These are boom days for writers and readers looking for thoughtful, hard-hitting stories about real-life crime. Whether you’re in the mood for a high-octane page-turner, an investigation, or a penetrating memoir, chances are there’s a book (and many a podcast or docu-series) out there for you. Every month, we round up the best new crime non-fiction with recommendations from CrimeReads staff. Here are the selections for January:
Patrick Radden Keefe, Say Nothing: A True Story of Murder and Memory in Northern Ireland (Doubleday)
In 1972 in Belfast, Jean McConville was brutally abducted from her home and children in one of the most horrifying incidents of The Troubles; her remains would not be found for over thirty years. In the meantime, though her attack was an open secret, nobody would come forward to authorities with information about the culprits. New Yorker staff writer Patrick Radden Keefe frames this penetrating study of The Troubles and the aftermath with an in-depth look at the McConville case. Long overdue answers are unearthed in the dogged investigation, but a bigger perspective is also presented: through interviews and archival work, Radden Keefe brings readers to the very heart of the trauma, to the atrocities committed on both sides, and to the very human cost.
Lucy Inglis, Milk of Paradise: A History of Opium (Pegasus)
There’s nothing intrinsically “criminal” about opium or poppy, of course, but throughout the substance’s history it’s been entangled with illicit realms, sinister characters, and parts of the human mind and experience we still don’t fully understand. Inglis’s new book is a learned, engaging, and ambitious look at the cultural history of a product that’s much talked about these days but little understood. Inglis provides a sweeping history of the cultivation and uses of opium across a millennium and across cultures, showing how it’s been stitched into the fabric of our societies, time and again, always a complex and provocative relationship.
Ian Frisch, Magic Is Dead: My Journey into the World’s Most Secretive Society of Magicians (Dey Street Books)

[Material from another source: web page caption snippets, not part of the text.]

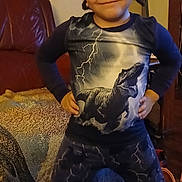 Jewlz joined the competition — help win amazing prizes! child, dinosaur, tshirt, pants, lightning, indoor, living_room, carpet, blanket, furniture, person, smile, standing, hair, face, expression, clothing, cozy, leather_chair, home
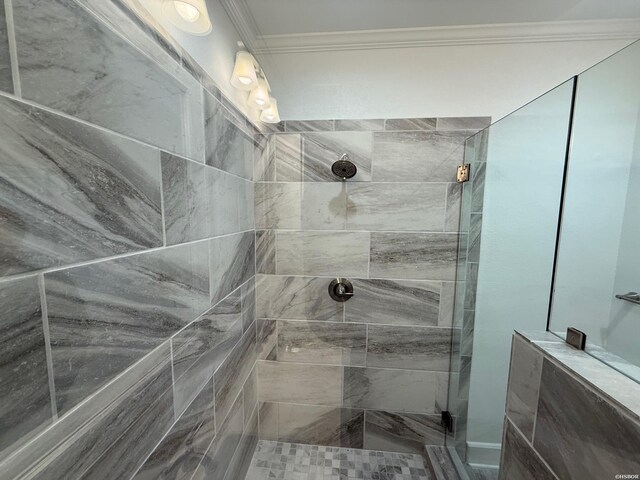 bathroom with ornamental molding and a tile shower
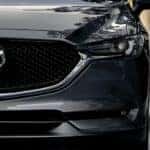 A closeup is shown of the grille of a grey 2020 Mazda CX-5 on a city street near Indiana, PA.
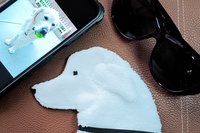 Showing scale of Smudge Dog with two of the many items it can clean and polish: smart phone and eye glasses.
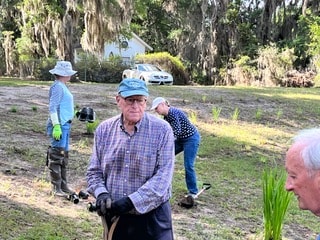 CPV volunteers planting grass seedlings along a community green space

The world of magic is about as mysterious and even more entertaining than you think. When Frisch decides he’s going to immerse himself in the subculture of magicians, he finds himself caught up with a group that calls itself “The 52,” a semi-secret “cabal” of magicians who want to revolutionize the art and direct it toward a more nuanced and mesmerizing future away from the splashy acts of Las Vegas showrooms. Magic Is Dead is a seriously engaging, often intimate look at a world few of us have access to, and an insightful study of the history of an art form.
Shanna Hogan, Secrets of a Marine’s Wife: A True Story of Marriage, Obsession, and Murder (St. Martin’s)
In 2014, a young woman named Erin Corwin drove into the desert around Joshua Tree National Park and never came back. She was married to a marine stationed nearby, part of a close-knit military community that banded together to search for Corwin. Her body was eventually found at the bottom of a mineshaft, garroted and dead. Journalist Shanna Hogan investigates the brutal killing and the community it tore apart, as new secrets emerge, scandals erupt, and authorities sift through the many layers of lies that obscure the truth of what happened to Corwin that day.
Tom Clavin, Wild Bill (St. Martin’s)
Clavin has become one of our foremost chroniclers of the larger-than-life figures of the Old West, and this time he’s training his sights on one of the most mythical of them all, Wild Bill Hickock, the best shot in the West, sometimes a lawman, sometimes more of a rogue, an inveterate gambler and a romantic to the end, a man whose legacy has been passed down through the ages and leaves its stamp on the culture still. Clavin wades into the historical record sifting truth from tall tale and emerges with a powerfully human story about a man whose life was fully worthy of the legends it inspired.